→ **Exercise data**
________________________

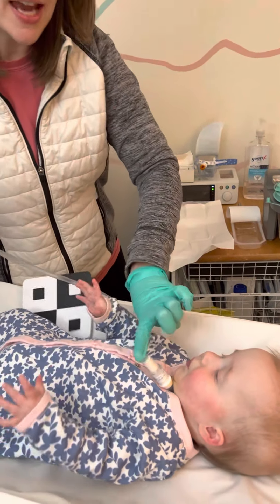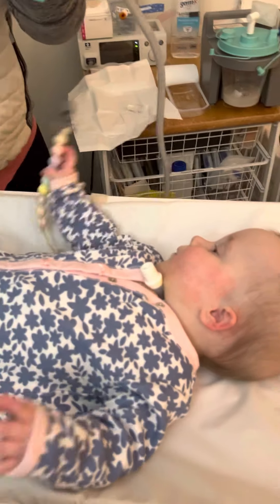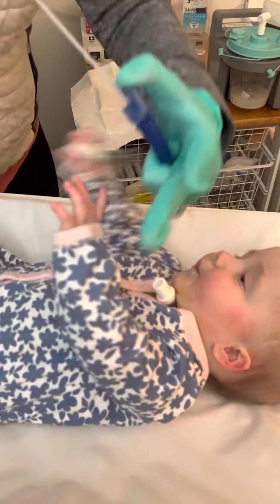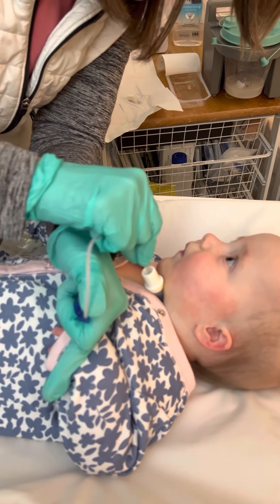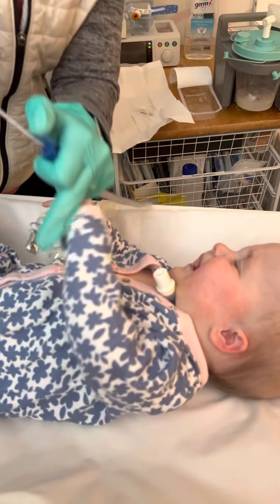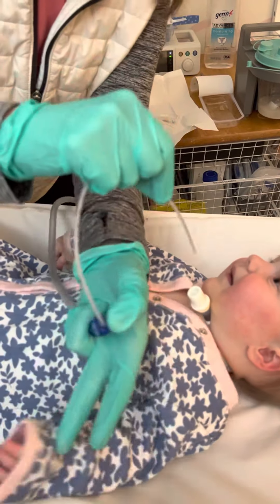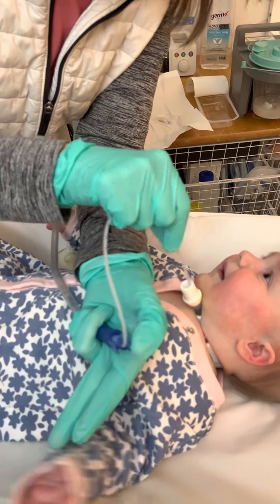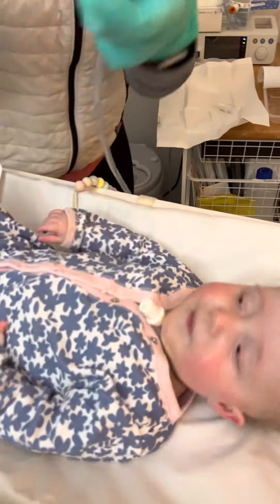I'm going to take her HME off, set that aside, and occlude my suction catheter. I'll put my hands there, go in to my fingers, twist, and come out. Then I listen and go in one more time, holding it the whole time. And then I go in one more time.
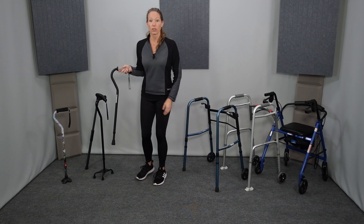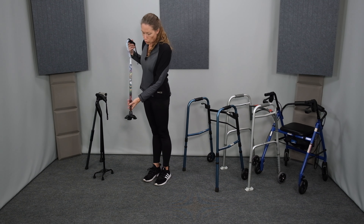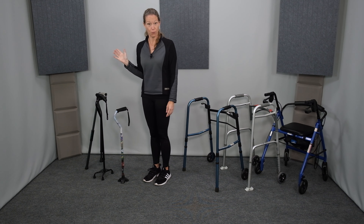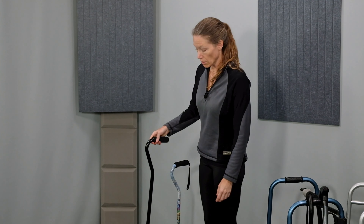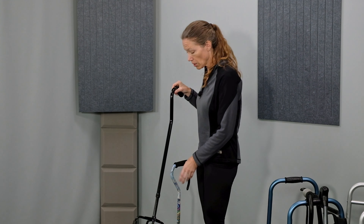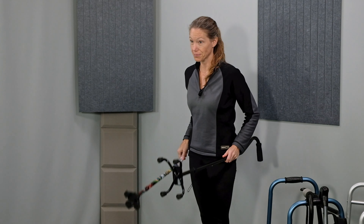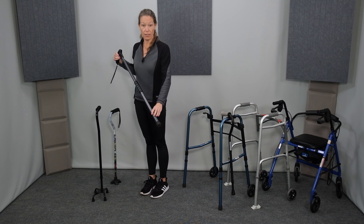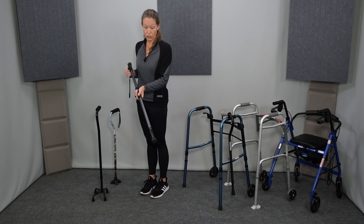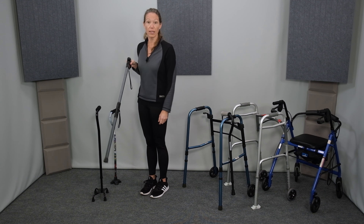This is an offset cane, also called a single point cane. This is a single point cane with a quad tip — this tip is added onto the bottom of the cane to allow it to stand up on its own. Next we have the narrow based quad cane. This style has four points on the bottom and provides more support than the single point cane with the quad tip because those four points create a much wider base of support. Finally, the handy cane combines a straight cane with a reacher — pull up on the grip and engage the trigger and a reacher comes out the bottom, great for picking things up around the house, then put it back into cane position.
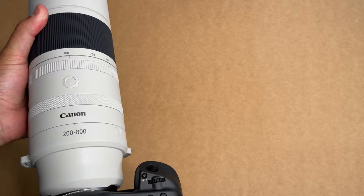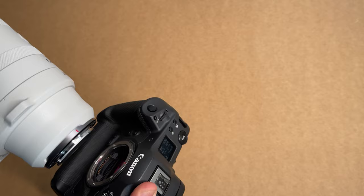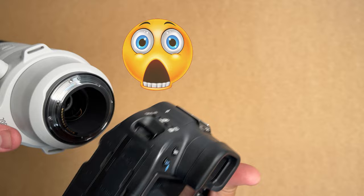You can see when you take the lens off — we've got the red dot and then the red dot — and we line them up and wait for that secure click. It's a beautiful sound. But just bear in mind, this can happen, and this is what happened yesterday.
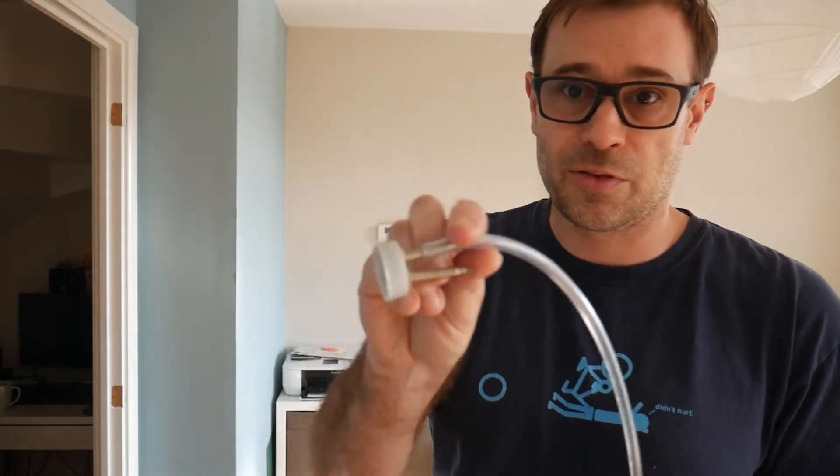First things first, get your drill out, get your drill bit, and put a couple of holes in the cap. As you can hopefully see, I've used two old pressed valves from some old inner tubes. No need to go buying tubeless valves — any old valve you've got lying around from an old tube will do. Drill your two 5mm holes, put the valves in, screw them down nice and tight, and put the cap back on the bottle.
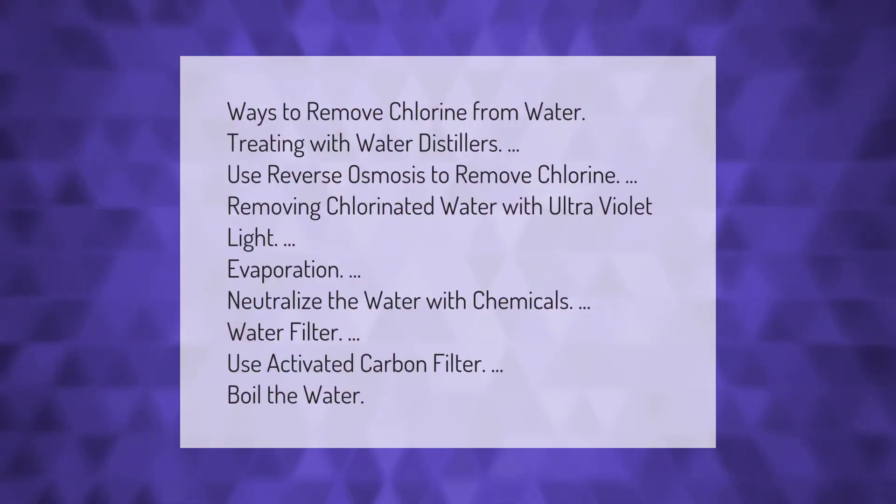Ways to remove chlorine from water: treating with water distillers, use reverse osmosis to remove chlorine, removing chlorinated water with ultraviolet light, evaporation, neutralize the water with chemicals, water filter, use activated carbon filter, or boil the water.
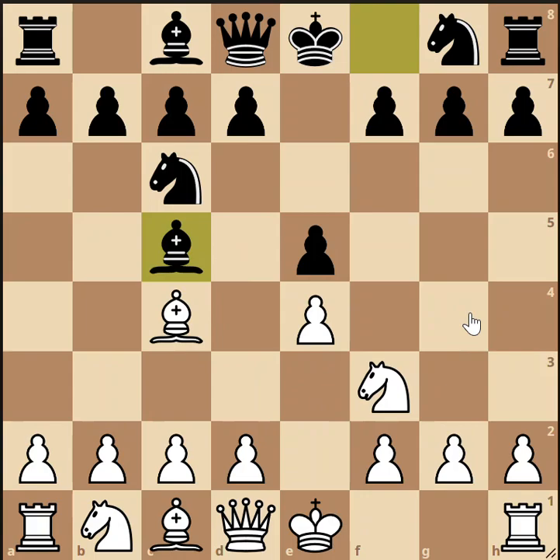Once you arrive here, this is called the gioco piano — Italian for 'quiet game.' You might wonder why it's called the quiet game — will it be peaceful, no action, no trades, no checkmates? Well, that might not be an appropriate name. It depends on how you play it. It can be very exciting; you can win or lose in a dozen moves. So it's not necessarily going to be a quiet game.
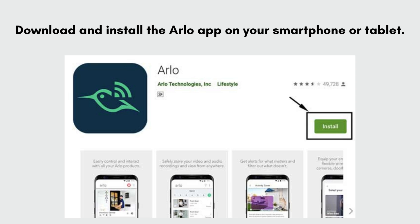Download and install the Arlo app on your smartphone or tablet. iOS users, go to the App Store. Android users, go to the Google Play Store.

________________________

→ **Exercise details**
Do not include images; quote all of the entries above exactly.

→ **Output below**
I'm going to take her HME off, set that aside, and occlude my suction catheter. I'll put my hands there, go in to my fingers, twist, and come out. Then I listen and go in one more time, holding it the whole time. And then I go in one more time.
This is an offset cane, also called a single point cane. This is a single point cane with a quad tip — this tip is added onto the bottom of the cane to allow it to stand up on its own. Next we have the narrow based quad cane. This style has four points on the bottom and provides more support than the single point cane with the quad tip because those four points create a much wider base of support. Finally, the handy cane combines a straight cane with a reacher — pull up on the grip and engage the trigger and a reacher comes out the bottom, great for picking things up around the house, then put it back into cane position.
You can see when you take the lens off — we've got the red dot and then the red dot — and we line them up and wait for that secure click. It's a beautiful sound. But just bear in mind, this can happen, and this is what happened yesterday.
First things first, get your drill out, get your drill bit, and put a couple of holes in the cap. As you can hopefully see, I've used two old pressed valves from some old inner tubes. No need to go buying tubeless valves — any old valve you've got lying around from an old tube will do. Drill your two 5mm holes, put the valves in, screw them down nice and tight, and put the cap back on the bottle.
Ways to remove chlorine from water: treating with water distillers, use reverse osmosis to remove chlorine, removing chlorinated water with ultraviolet light, evaporation, neutralize the water with chemicals, water filter, use activated carbon filter, or boil the water.
Once you arrive here, this is called the gioco piano — Italian for 'quiet game.' You might wonder why it's called the quiet game — will it be peaceful, no action, no trades, no checkmates? Well, that might not be an appropriate name. It depends on how you play it. It can be very exciting; you can win or lose in a dozen moves. So it's not necessarily going to be a quiet game.
Download and install the Arlo app on your smartphone or tablet. iOS users, go to the App Store. Android users, go to the Google Play Store.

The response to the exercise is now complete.